Every line below from the one containing "QR code for SYJ338" through the one containing "33798 Twin Oaks" is to be printed exactly, with the pictures omitted.

**TASK DATA**:
##############################

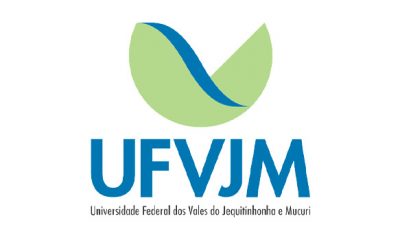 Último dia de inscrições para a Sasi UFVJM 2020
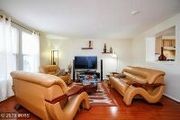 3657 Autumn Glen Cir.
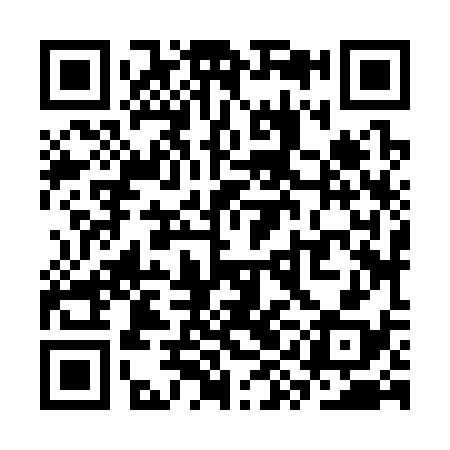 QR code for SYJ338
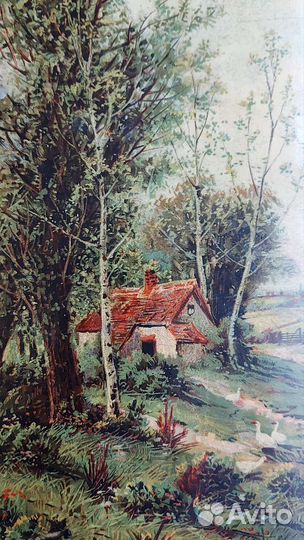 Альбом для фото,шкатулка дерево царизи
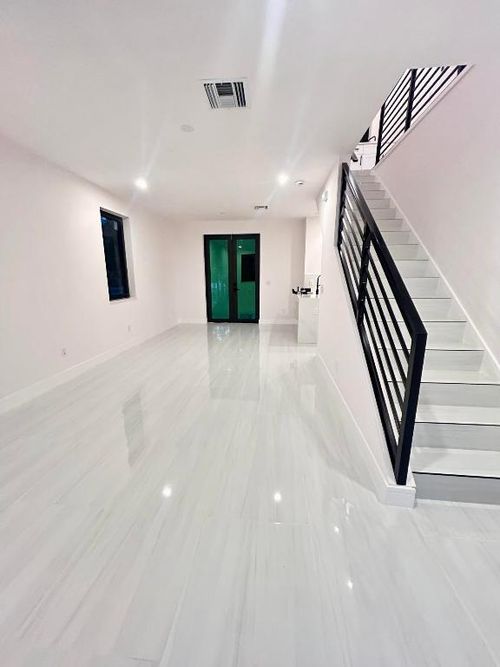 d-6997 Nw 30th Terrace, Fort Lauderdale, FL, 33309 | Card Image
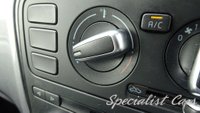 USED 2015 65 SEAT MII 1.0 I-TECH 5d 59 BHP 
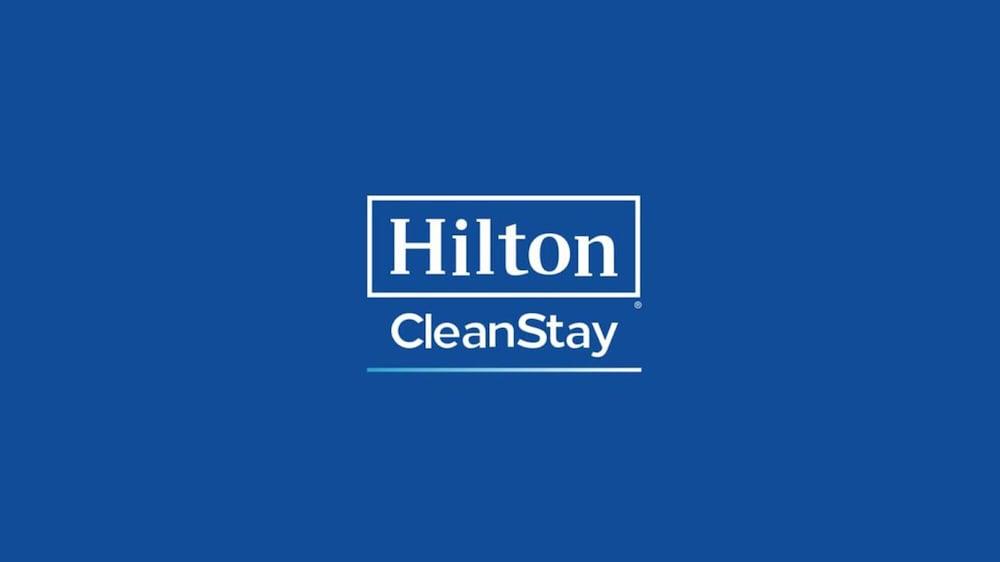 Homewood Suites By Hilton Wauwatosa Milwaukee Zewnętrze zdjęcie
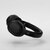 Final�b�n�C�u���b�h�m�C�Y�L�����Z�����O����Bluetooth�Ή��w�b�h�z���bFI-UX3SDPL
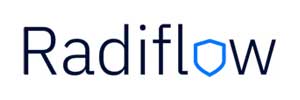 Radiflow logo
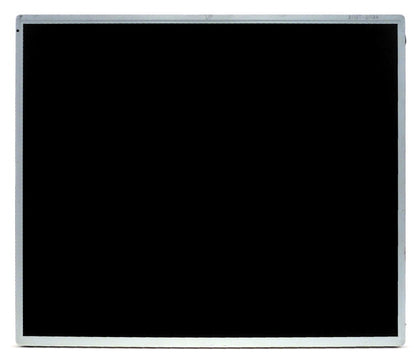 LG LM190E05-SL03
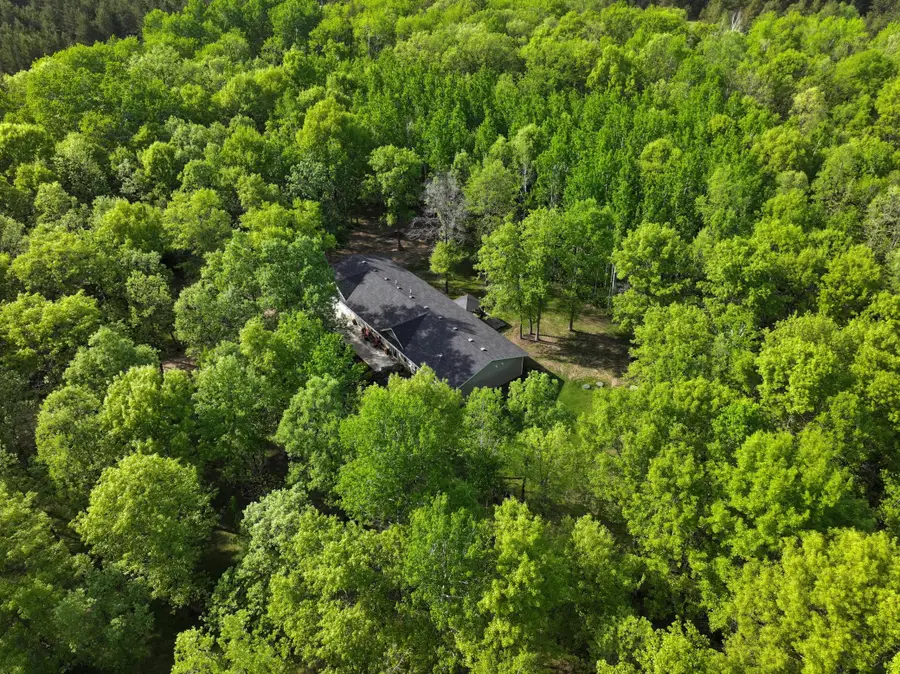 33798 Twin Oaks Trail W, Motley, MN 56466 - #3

##############################

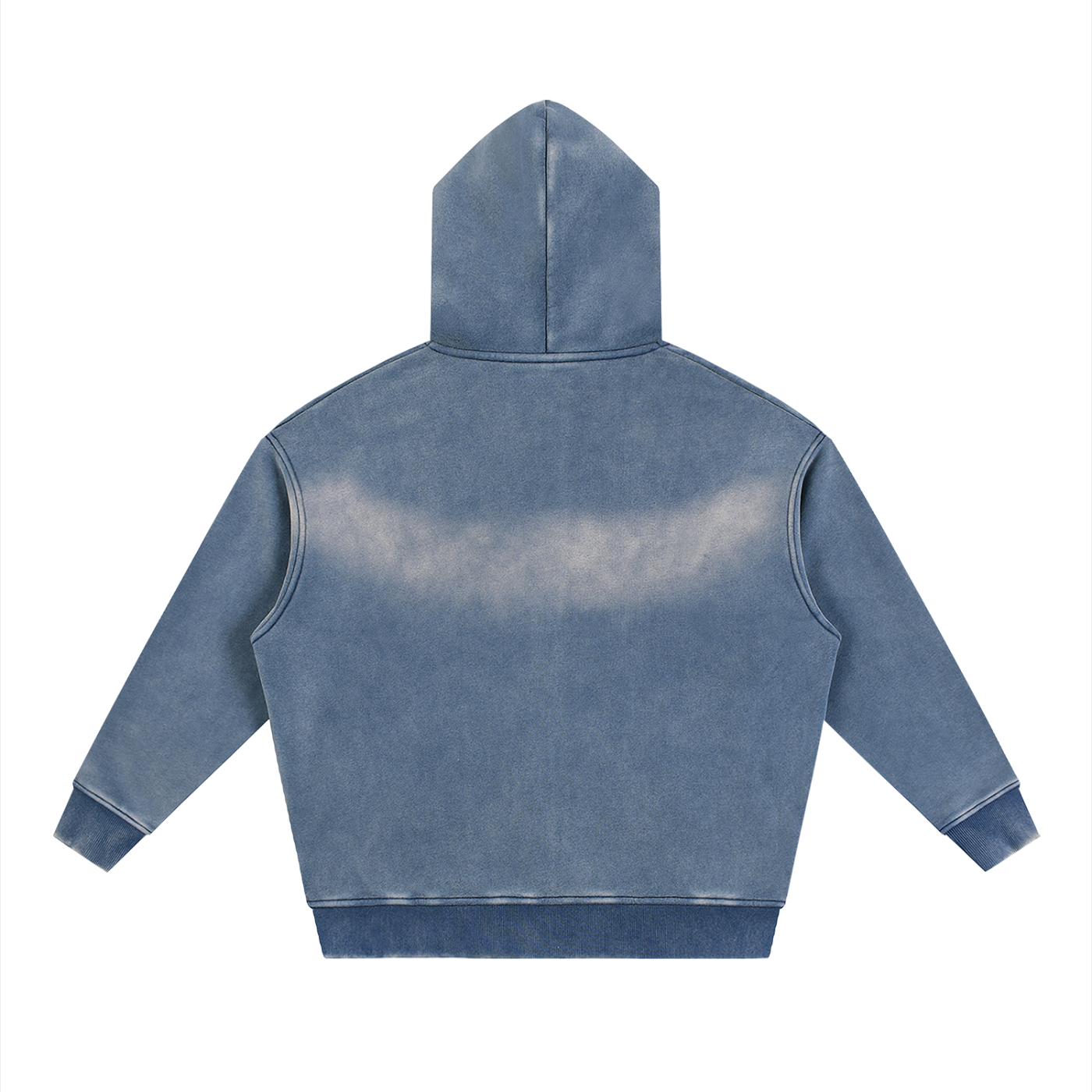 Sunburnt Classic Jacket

##############################

**RESULT OF THE EXERCISE**:
 QR code for SYJ338
 Альбом для фото,шкатулка дерево царизи
 d-6997 Nw 30th Terrace, Fort Lauderdale, FL, 33309 | Card Image
 USED 2015 65 SEAT MII 1.0 I-TECH 5d 59 BHP 
 Homewood Suites By Hilton Wauwatosa Milwaukee Zewnętrze zdjęcie
 Final�b�n�C�u���b�h�m�C�Y�L�����Z�����O����Bluetooth�Ή��w�b�h�z���bFI-UX3SDPL
 Radiflow logo
 LG LM190E05-SL03
 33798 Twin Oaks Trail W, Motley, MN 56466 - #3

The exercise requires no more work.